## EXERCISE DESCRIPTION
Take the lines from the one containing "Vente Atelier La" through the end of the material and write them out exactly, omitting pictures.

[Start of Attachment]

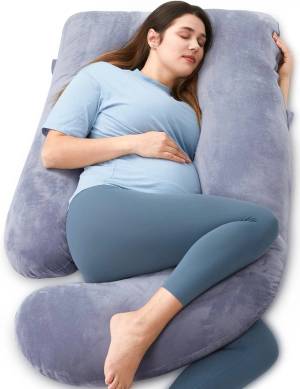 8 best pregnancy pillows for back and hip pain, starting from £15
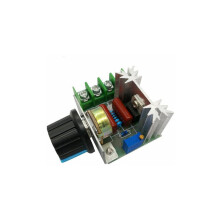 Regulator electronic de tensiune, circuit de protecție a tiristorului asigură siguranța în controlul vitezei motorului de curent alternativ și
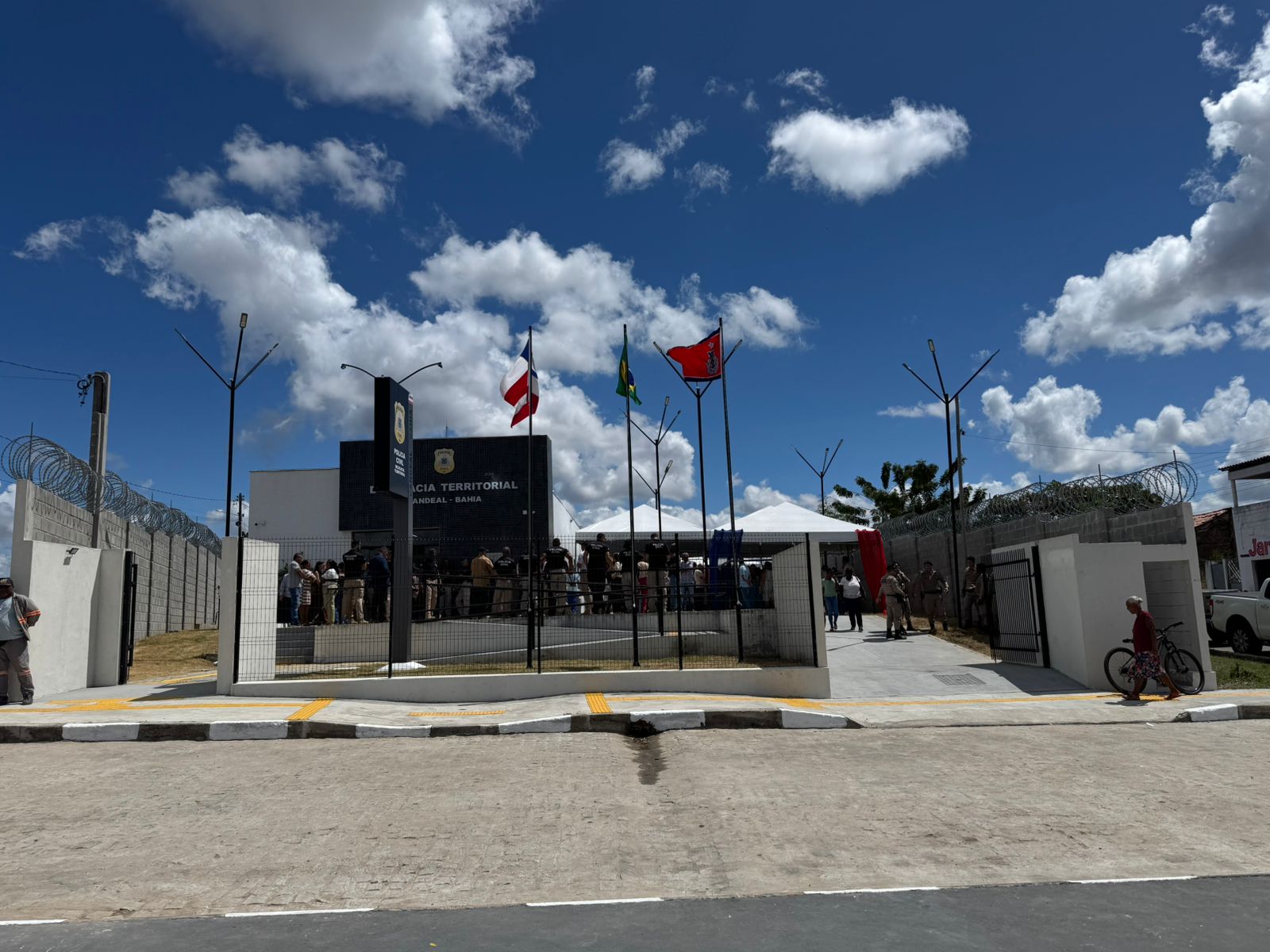 SSP inaugura Delegacia Territorial da Polícia Civil em Candeal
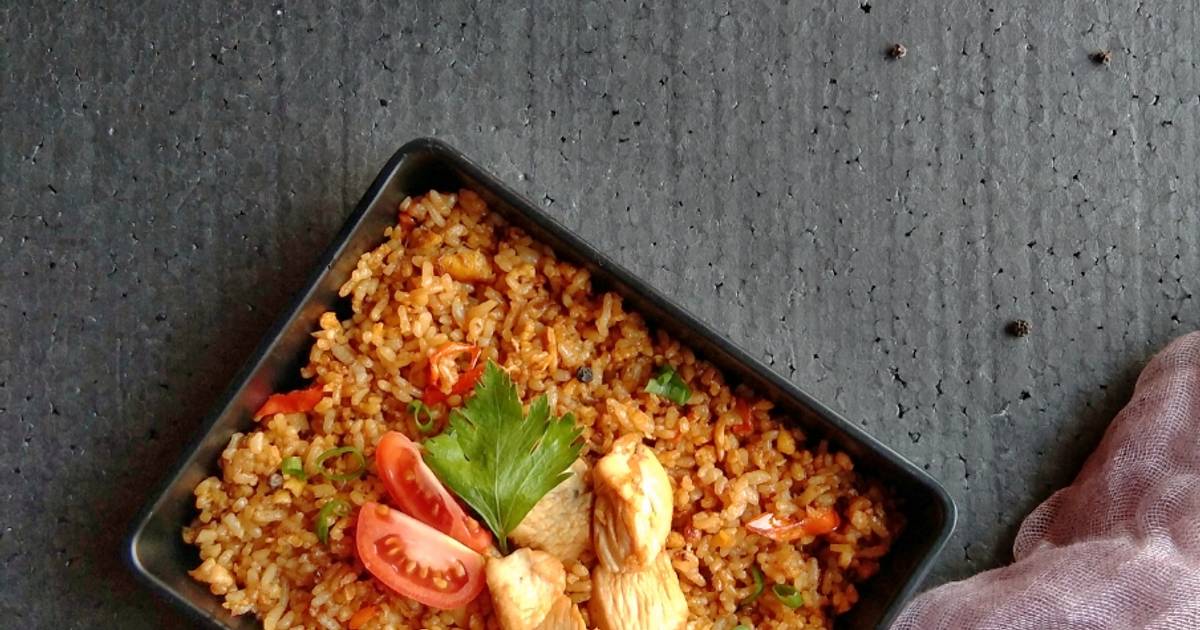 Resep Nasi Goreng Lada Hitam Oleh Iyus Sugesti Cookpad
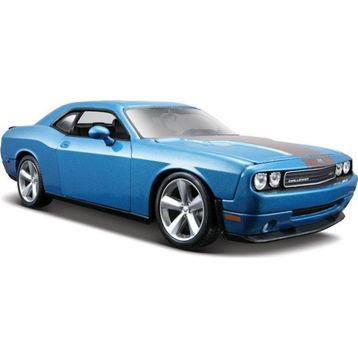 Maisto Dodge Challenger Srt 2008 1:24 S/E Mavi Model Araba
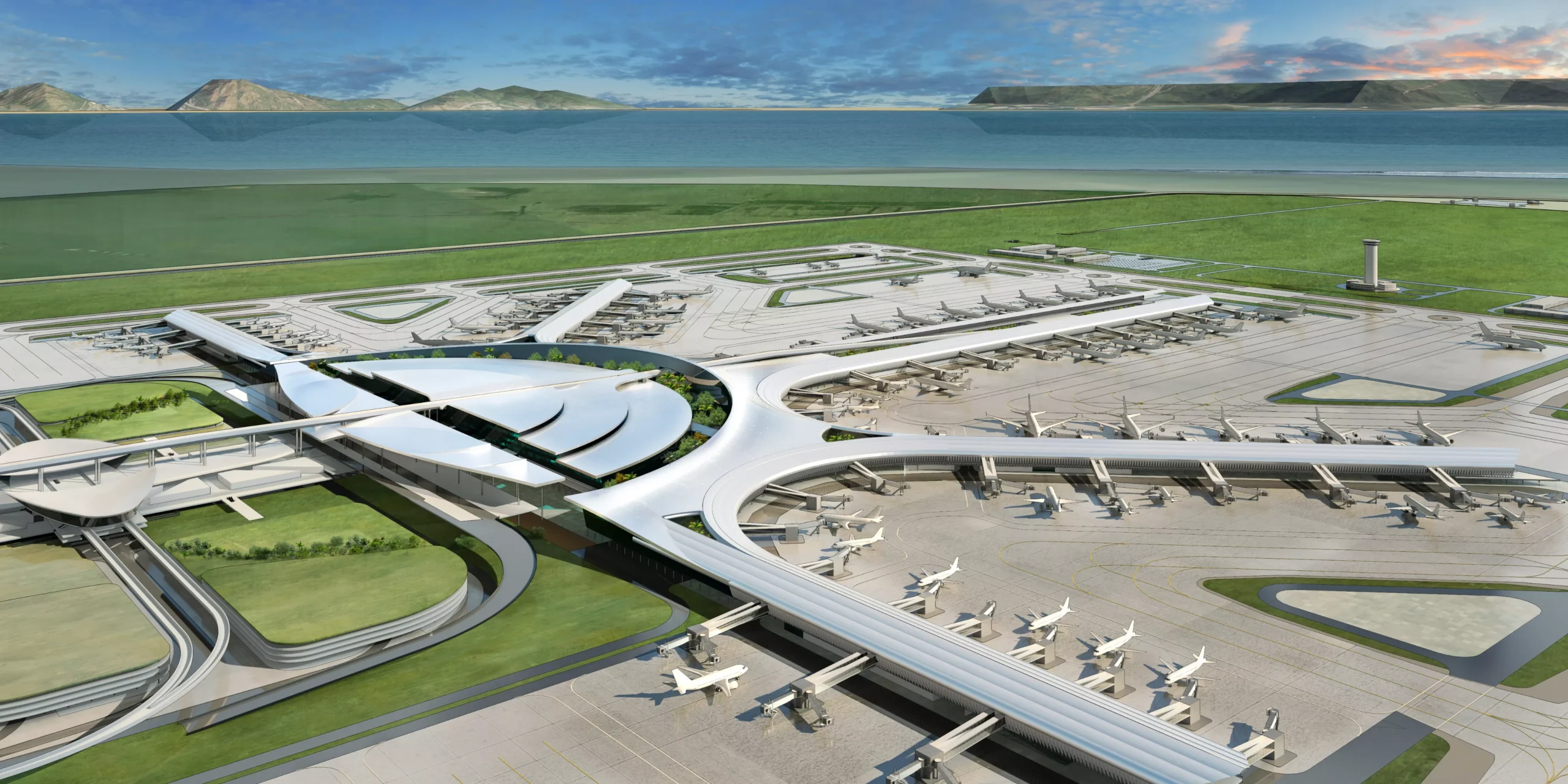New Manila International Airport (NMIA)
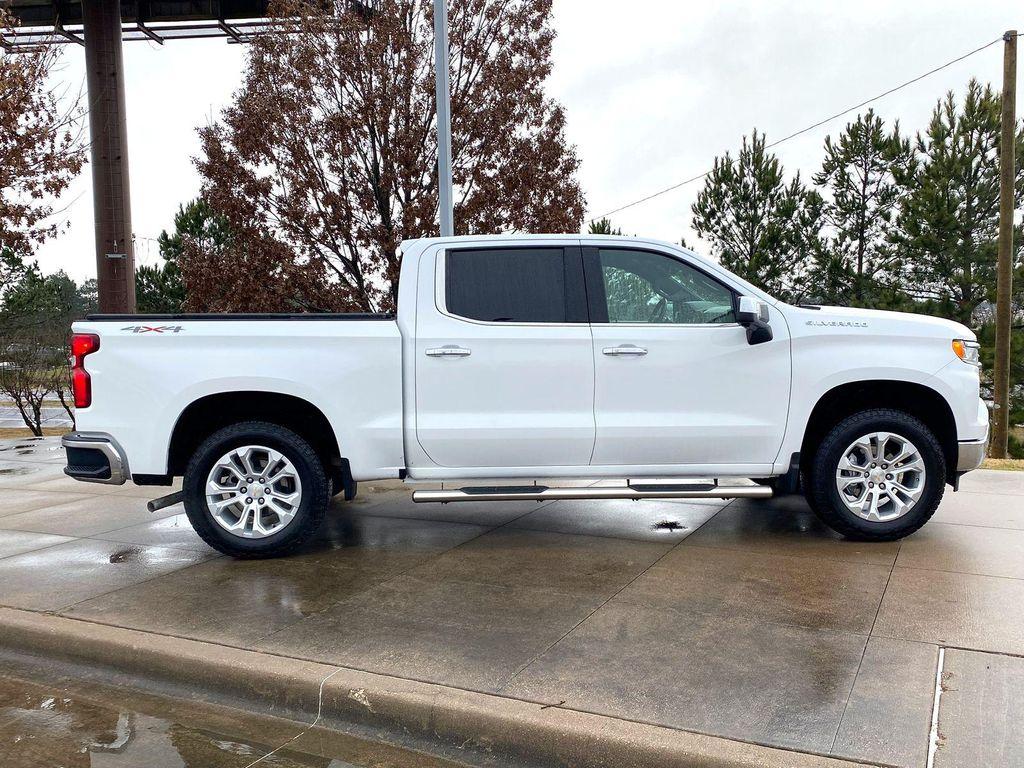 used 2023 Chevrolet Silverado 1500 car, priced at $39,838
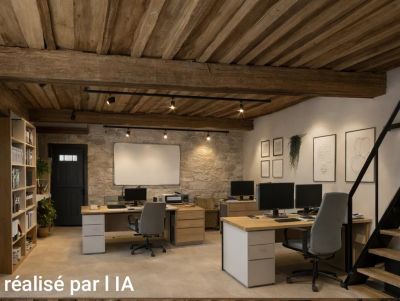 Vente Atelier La Palme - Réf. 12409  - Mandataire immobilier Brigitte Hirn - image 4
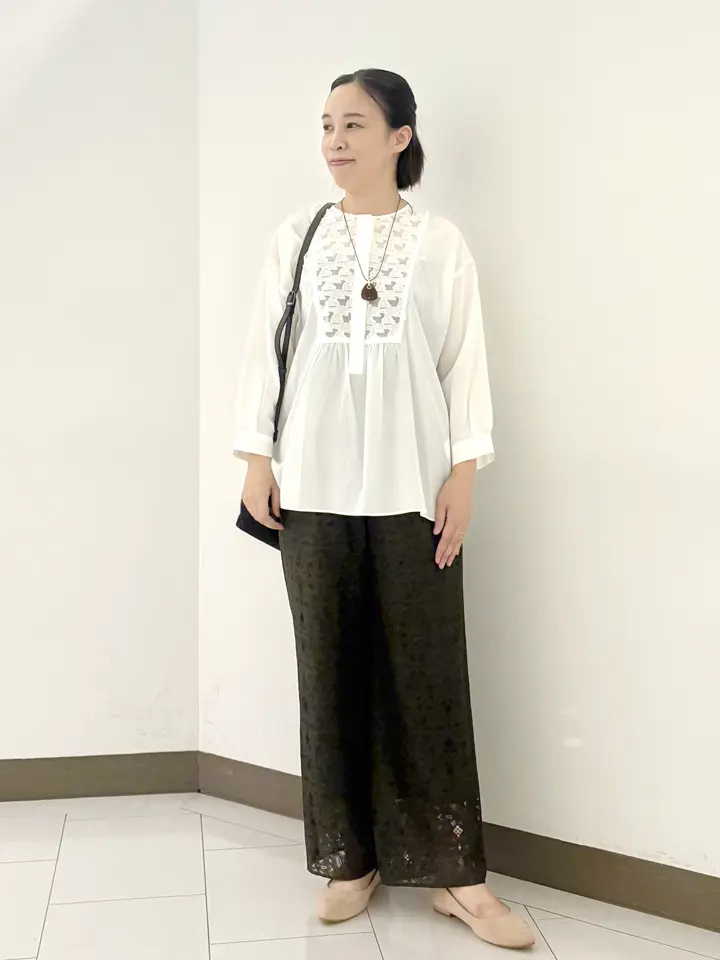 自由区 南 コーディネート画像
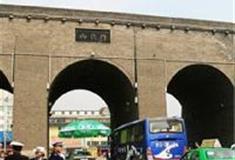 西安城墙景区：尚德门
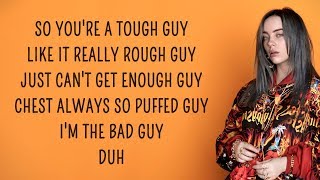 Billie Eilish - Bad Guy (Lyrics) - Youtube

[End of Attachment]

## WRITTEN REPLY
 Vente Atelier La Palme - Réf. 12409  - Mandataire immobilier Brigitte Hirn - image 4
 自由区 南 コーディネート画像
 西安城墙景区：尚德门
 Billie Eilish - Bad Guy (Lyrics) - Youtube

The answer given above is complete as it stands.